DataDog / datadog-agent

Main repository for Datadog Agent
https://docs.datadoghq.com/
Apache License 2.0
2.83k stars 1.19k forks source link

Data loss on stop #1547

Open allenluce opened 6 years ago

allenluce commented 6 years ago

Up to the last 15 seconds of aggregated data is lost when shutting down the statsd server (with statsd.Stop()). Even when using an aggregator with the flush interval quite low, some seconds of data don't end up getting pushed to the backend.

Is there a recommended way to flush data to prevent this from happening?

truthbk commented 6 years ago

@allenluce you're 100% right, it looks like statsd.Stop() here doesn't flush the aggregator with whatever it may contain at that point, the process shuts down without emptying those packets.

I don't believe we have a way around this at the moment. The flushes happen periodically as you already know, so depending on when during the flush interval you request the stop() you might lose 1s or 15s. We'd have to add some logic to the shutdown code. That would make the process teardown a little slower, but it does seem like the right thing to do. There are still things that can go wrong at the forwarder level... so we'd have to make this a best-effort thing.

We'll look into it. Thank you for bringing this up.

visciang commented 6 years ago

This issue is very annoying if you run the agent in a "side container" alongside a AWS Fargate Task (a short living "docker run"). When the main task ends, the agent container is stopped and it doesn't flush metrics / events / APM / etc.

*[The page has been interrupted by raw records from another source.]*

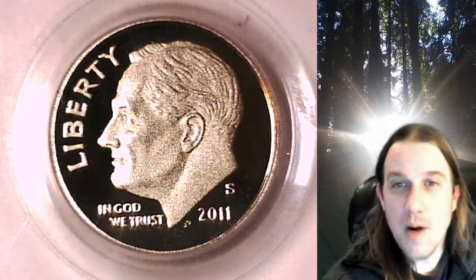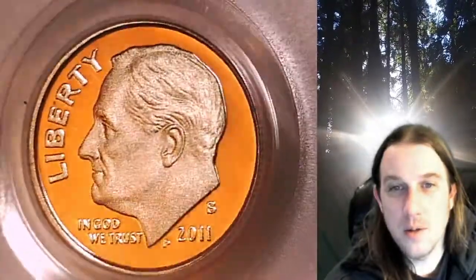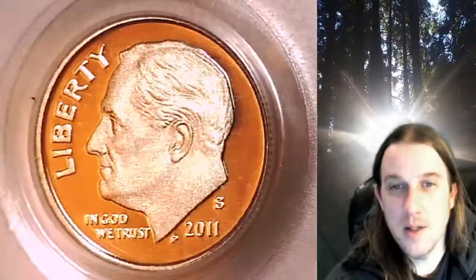Welcome to Time Traveler's Coin Exchange. The next coin we're going to take a look at is a 2011 S Roosevelt Dime. This is a proof dime from the San Francisco Mint. It has been graded by PCGS and they graded it proof 69 Deep Cameo.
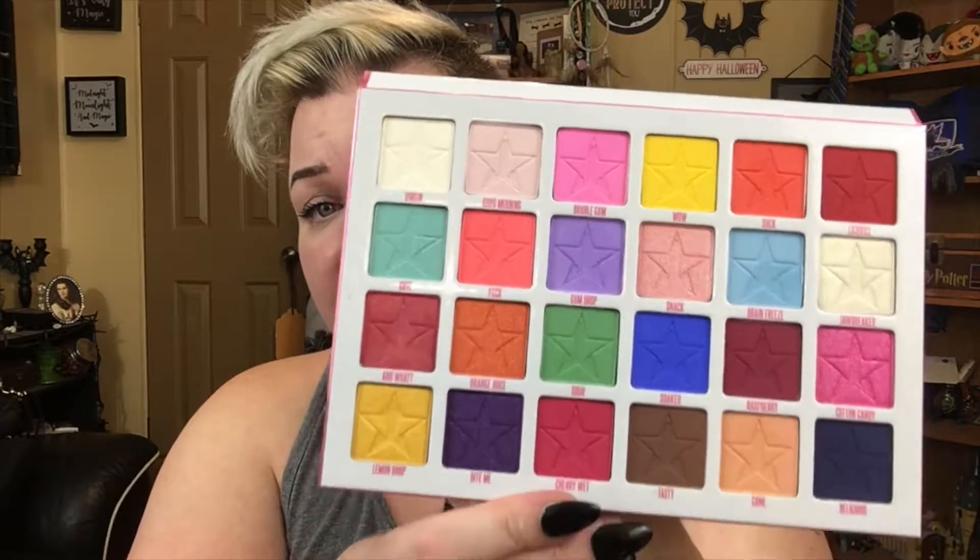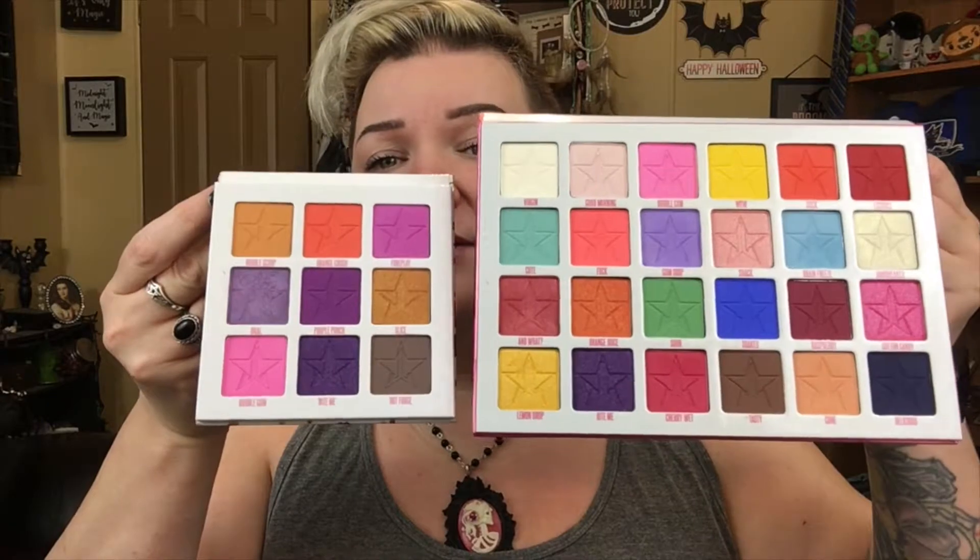Next on my list are the Jeffree Star Jawbreaker palettes — the Jawbreaker and the Jawbreaker Mini. The Jawbreaker is the largest palette he has and I freaking love it. He also busted out with the mini, which I really like as a nine-pan palette. The mini has two shades — Bubblegum and Bite Me — that are also in the main palette. There are similar colors so you don't necessarily need both, but the formula is good, it blends really well, and both are really pretty palettes.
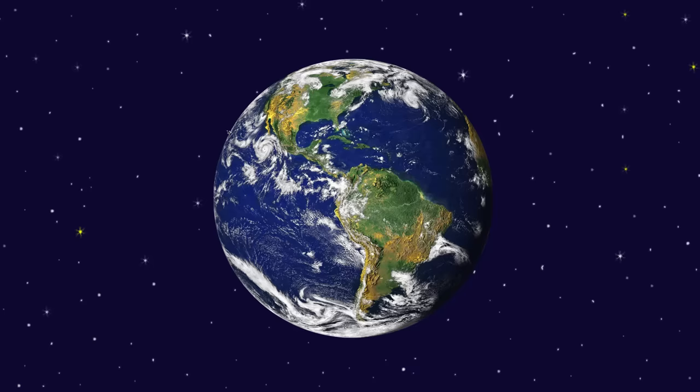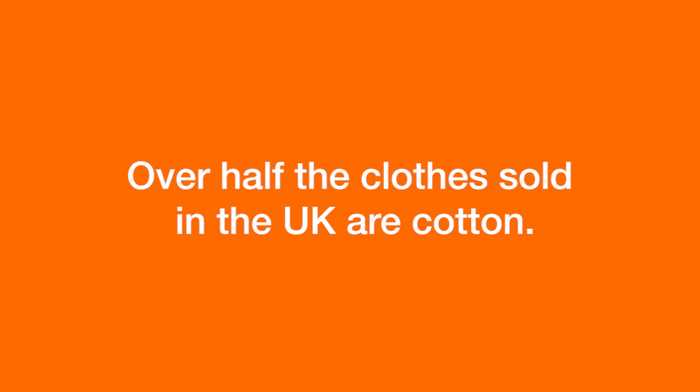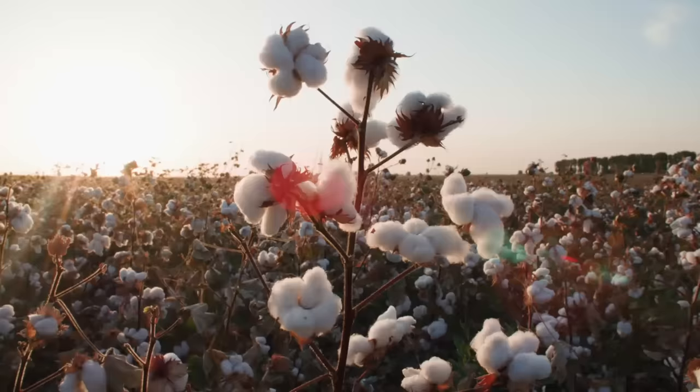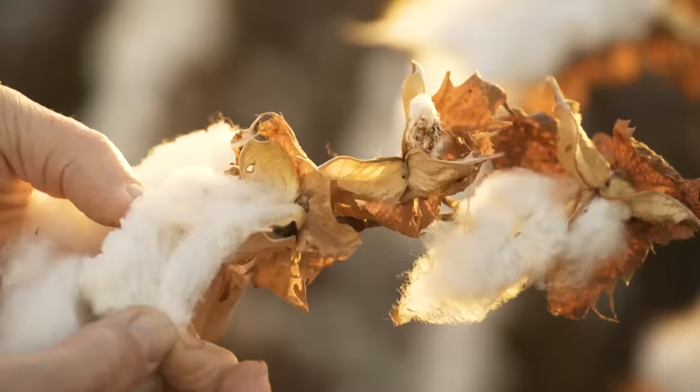We produce 29 million tonnes of cotton every single year, which for reference is about enough to make 29 t-shirts for every single person on the planet. We produce a huge amount of it. It's the most commonly used fibre on the planet and people like it because it's light, breathable and durable. If you have a look through your wardrobe you're probably going to own something that is at least partly made of cotton.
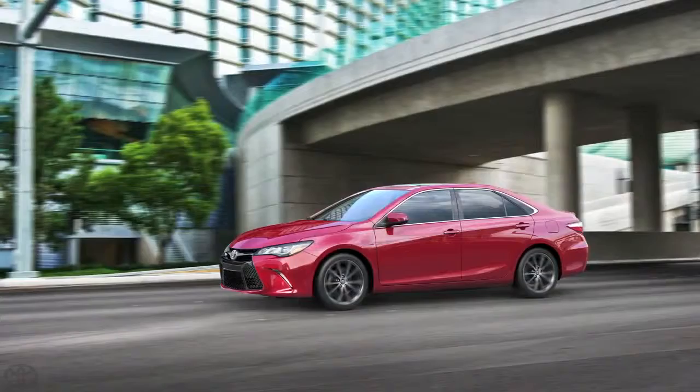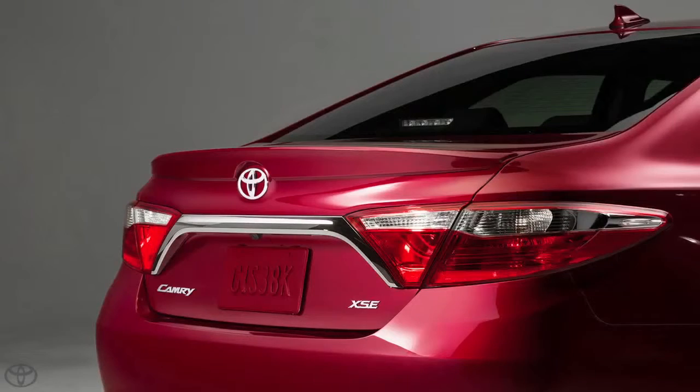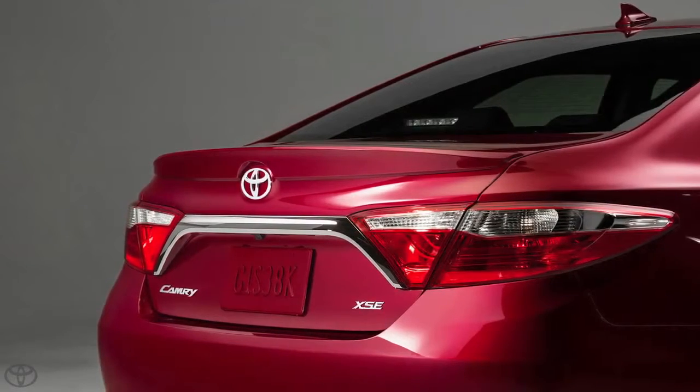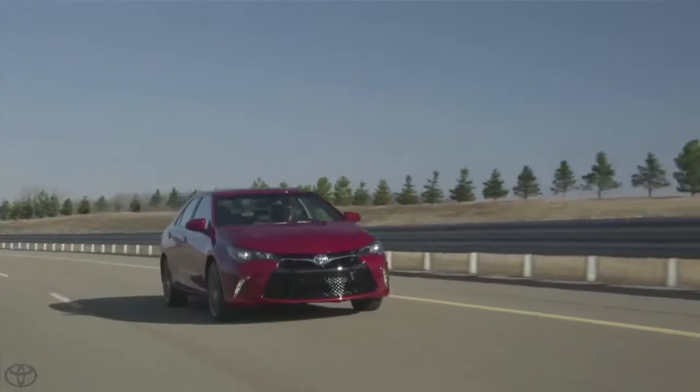We gave it a new hood, paired with a more prominent character line, giving it a clear sense of motion. New tail lamps sweep into the freshly tapered bumper cover, and the wider track gives the car a more athletic stance and confident curb appeal.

The "side car" pattern only works for AWS Fargate Services (long living tasks).

As a workaround we currently deploy the bunch of agents as a AWS Fargate Services, used by Tasks to report datadog metrics.

baxang commented 3 years ago

Seems like https://github.com/DataDog/datadog-agent/pull/4129 addressed this issue.

sgnn7 commented 3 years ago

@allenluce / @visciang Can you try out the new version of the agent to see if this issue is resolved now?

miketheman commented 2 years ago

Seems similar to #3940